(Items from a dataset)
BEGIN

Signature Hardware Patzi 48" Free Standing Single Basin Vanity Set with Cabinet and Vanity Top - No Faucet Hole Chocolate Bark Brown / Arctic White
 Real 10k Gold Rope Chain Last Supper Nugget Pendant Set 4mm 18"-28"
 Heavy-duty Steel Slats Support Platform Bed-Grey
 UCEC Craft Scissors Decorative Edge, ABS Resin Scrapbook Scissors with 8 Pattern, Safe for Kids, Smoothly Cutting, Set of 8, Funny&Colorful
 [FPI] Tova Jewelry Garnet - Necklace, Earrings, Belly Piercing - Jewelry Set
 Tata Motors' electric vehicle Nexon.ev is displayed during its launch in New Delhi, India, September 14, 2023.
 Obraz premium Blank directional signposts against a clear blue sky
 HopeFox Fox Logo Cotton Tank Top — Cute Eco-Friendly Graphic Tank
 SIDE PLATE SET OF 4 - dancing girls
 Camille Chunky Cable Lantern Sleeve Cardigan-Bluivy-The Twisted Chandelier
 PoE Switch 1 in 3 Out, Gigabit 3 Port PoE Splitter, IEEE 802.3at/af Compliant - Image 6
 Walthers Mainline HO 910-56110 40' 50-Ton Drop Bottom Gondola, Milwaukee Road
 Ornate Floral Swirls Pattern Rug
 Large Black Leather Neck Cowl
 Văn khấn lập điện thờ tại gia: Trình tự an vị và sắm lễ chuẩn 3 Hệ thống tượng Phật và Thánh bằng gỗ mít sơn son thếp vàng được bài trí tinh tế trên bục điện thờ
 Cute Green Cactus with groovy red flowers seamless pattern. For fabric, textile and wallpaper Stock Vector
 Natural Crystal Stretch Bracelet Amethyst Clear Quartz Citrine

END

§ TASK GOAL
Write out an exact transcription of the line with "PoE Switch 1" and of each line after it; stop at the end of the records.

§ TASK ANSWER
 PoE Switch 1 in 3 Out, Gigabit 3 Port PoE Splitter, IEEE 802.3at/af Compliant - Image 6
 Walthers Mainline HO 910-56110 40' 50-Ton Drop Bottom Gondola, Milwaukee Road
 Ornate Floral Swirls Pattern Rug
 Large Black Leather Neck Cowl
 Văn khấn lập điện thờ tại gia: Trình tự an vị và sắm lễ chuẩn 3 Hệ thống tượng Phật và Thánh bằng gỗ mít sơn son thếp vàng được bài trí tinh tế trên bục điện thờ
 Cute Green Cactus with groovy red flowers seamless pattern. For fabric, textile and wallpaper Stock Vector
 Natural Crystal Stretch Bracelet Amethyst Clear Quartz Citrine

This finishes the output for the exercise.